Giuseppe, 1917. Mornings were steel-edged now, water on the village font ice-crisp. Instead of clear blue skies, tatters of cloud stuck fast between firs on the mountain slopes and leaves on the beech trees dropped yellow and rust to the forest floor. Some days our village floated upon a sea of clouds, forming an island, heralding the separation from the rest of the world that winter would bring.
Now
Francesco peered at his son over the top of his newspaper, the Corriere della Sera. Davide was flat on his back on the stone floor of their converted stable, La Stalla, bouncing a tennis ball off the beams of the large sitting room.
"Davi, I'm only going to ask you once more to stop that, or there'll be trouble. You're going to break something."
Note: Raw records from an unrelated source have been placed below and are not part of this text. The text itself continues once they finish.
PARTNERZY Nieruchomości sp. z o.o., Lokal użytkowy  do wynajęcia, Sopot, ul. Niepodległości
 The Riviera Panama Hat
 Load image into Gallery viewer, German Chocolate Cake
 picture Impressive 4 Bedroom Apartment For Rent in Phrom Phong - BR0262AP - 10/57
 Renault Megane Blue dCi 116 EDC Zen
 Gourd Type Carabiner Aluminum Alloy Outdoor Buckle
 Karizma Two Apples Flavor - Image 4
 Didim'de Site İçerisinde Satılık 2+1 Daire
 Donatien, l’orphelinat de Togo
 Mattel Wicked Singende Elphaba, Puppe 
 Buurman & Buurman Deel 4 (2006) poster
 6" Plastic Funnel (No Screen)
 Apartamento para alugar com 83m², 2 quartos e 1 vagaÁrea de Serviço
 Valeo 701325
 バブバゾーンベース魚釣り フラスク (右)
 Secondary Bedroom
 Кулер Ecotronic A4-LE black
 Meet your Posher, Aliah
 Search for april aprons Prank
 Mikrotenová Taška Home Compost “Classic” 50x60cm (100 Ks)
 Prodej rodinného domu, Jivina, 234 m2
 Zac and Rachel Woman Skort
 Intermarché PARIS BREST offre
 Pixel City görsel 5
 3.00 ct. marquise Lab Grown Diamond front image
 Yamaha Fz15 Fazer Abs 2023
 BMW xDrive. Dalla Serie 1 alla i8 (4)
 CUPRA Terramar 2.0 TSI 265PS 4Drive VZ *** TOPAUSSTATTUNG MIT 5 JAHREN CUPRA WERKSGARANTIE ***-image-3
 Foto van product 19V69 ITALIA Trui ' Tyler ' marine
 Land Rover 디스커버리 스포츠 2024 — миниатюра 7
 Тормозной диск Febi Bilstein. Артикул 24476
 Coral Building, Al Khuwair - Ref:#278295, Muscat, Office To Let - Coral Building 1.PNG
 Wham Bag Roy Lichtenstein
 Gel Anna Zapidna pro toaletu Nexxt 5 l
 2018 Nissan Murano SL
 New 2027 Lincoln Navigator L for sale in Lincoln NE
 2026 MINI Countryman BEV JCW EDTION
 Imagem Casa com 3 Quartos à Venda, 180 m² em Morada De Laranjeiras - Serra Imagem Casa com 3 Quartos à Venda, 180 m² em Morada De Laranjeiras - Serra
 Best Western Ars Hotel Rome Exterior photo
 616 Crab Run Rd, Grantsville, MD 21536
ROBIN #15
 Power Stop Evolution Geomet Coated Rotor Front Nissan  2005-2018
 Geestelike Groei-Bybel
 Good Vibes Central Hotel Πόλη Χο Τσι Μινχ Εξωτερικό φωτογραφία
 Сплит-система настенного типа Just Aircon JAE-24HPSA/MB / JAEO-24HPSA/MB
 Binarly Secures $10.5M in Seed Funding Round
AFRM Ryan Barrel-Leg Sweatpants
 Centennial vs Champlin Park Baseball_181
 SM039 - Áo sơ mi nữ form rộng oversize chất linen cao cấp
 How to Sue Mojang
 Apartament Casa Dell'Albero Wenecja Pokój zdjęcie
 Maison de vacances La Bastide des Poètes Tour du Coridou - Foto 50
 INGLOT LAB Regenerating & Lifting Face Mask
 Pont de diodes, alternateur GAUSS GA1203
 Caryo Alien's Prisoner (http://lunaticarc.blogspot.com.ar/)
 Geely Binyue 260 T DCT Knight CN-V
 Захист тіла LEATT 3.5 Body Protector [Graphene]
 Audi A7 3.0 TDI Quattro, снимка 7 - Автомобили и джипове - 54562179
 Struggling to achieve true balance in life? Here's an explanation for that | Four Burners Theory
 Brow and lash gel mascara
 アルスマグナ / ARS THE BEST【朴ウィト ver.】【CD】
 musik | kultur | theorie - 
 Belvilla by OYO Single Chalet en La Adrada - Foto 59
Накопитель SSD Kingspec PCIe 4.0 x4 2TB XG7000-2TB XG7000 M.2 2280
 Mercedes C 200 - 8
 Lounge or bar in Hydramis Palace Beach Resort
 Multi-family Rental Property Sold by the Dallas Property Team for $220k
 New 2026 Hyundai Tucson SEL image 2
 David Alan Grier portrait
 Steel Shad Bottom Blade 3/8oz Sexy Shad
A Tuscan Memory ~ by Angela Petch, 2020, fiction (Italy), 272 pages
Italy, 1923. In a tiny hamlet nestled in the Tuscan mountains, farmers gather after a hard day in the meadows, and children’s laughter rings across the square: but one little boy does not join in their play. Behind his deep brown eyes hides a heartbreaking secret.
Ninety years later. When elderly Giselda Chiozzi discovers a lost little boy, curled up asleep in the beech forest outside her grand but empty home, she can’t help but take pity on him. It’s been a long time since she had a visitor. Waking up to her kind smile and the warming smell of Italian hot chocolate, Davide soon blurts out what drove him into the cold Tuscan night: how he’s different from everyone else, he’s never belonged anywhere, and now his beloved mother is ill.
Giselda promises to help Davide trace his family history – she knows better than anyone that connecting with your roots can ground you in the present – and hopes it will make Davide realize that home is where he truly belongs. Together the unlikely pair discover the story of Davide’s great-grandfather, Giuseppe Starnucci, a young boy who spent his days milking cows, helping with the harvest, and hammering horseshoes in the forge. But after a terrible incident that changed his life forever, Giuseppe also ran away.
David is overjoyed to find a connection with someone from his family at long last, but when Giselda uncovers the shocking reason why little Giuseppe fled to start a new life, she has an impossible decision to make. Telling Davide the truth about his great-grandfather could persuade him to go back home where he belongs. But could it also tear the family apart? All Giselda knows is that she must save this lost boy before her own time runs out and he is left alone for good.
Gilion at Rose City Reader hosts
Interesting structure to the book. Happy reading this week!